I'd have an index that just contains the latest data per user in that case. If you still need the history then maybe two indexes? It'd be a pain to make sure they stay in sync but it'd be simpler than trying to squash the documents on the fly during an aggregation.
Are you suggesting that before I index the latest change into one index, I copy the existing record to an "archived" index and delete it from the "live" index? I don't get it.
More to the point, are you suggesting this approach because there is no way to filter an aggregated collection of records to include only the latest record?
What I'm trying to do is similar to this pseudo-SQL statement:
SELECT * from T where T.submitted = ( SELECT MAX(T.submitted) WHERE T.user = ? )
I think he is suggesting keeping all the raw records in one index and have a separate index where you store the latest status, using the user ID as a key so that any update for a user coming in will overwrite the previous status. That way you have fast access to the last change made for every user as wells the entire history.

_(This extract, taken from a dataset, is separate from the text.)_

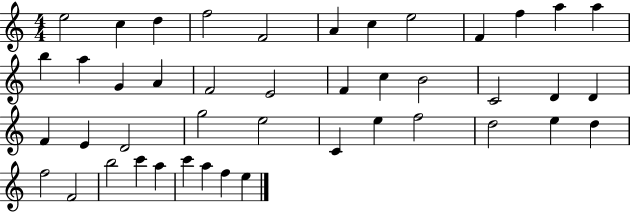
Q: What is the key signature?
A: C major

However, that is not an option for me due to the size of these indices and our rollover strategy would get really complicated, but I do see how it is a workaround.
So, no ability to create an aggregation that limits the records to only include the latest record? Something like max(_timestamp)? No way to do it with a custom plugin?
Although I am not sure how you would do it, it may be possible to do all that processing at query time. This could however be slow and may also be difficult to scale well. Using a separate index to hold the most recent state will make these queries much more efficient as well as scale well. If you are performing this type of query rarely, doing all this work for each query may be fine, but if you need to get this information on a regular basis, you will most likely benefit from doing the work up front by having a separate index.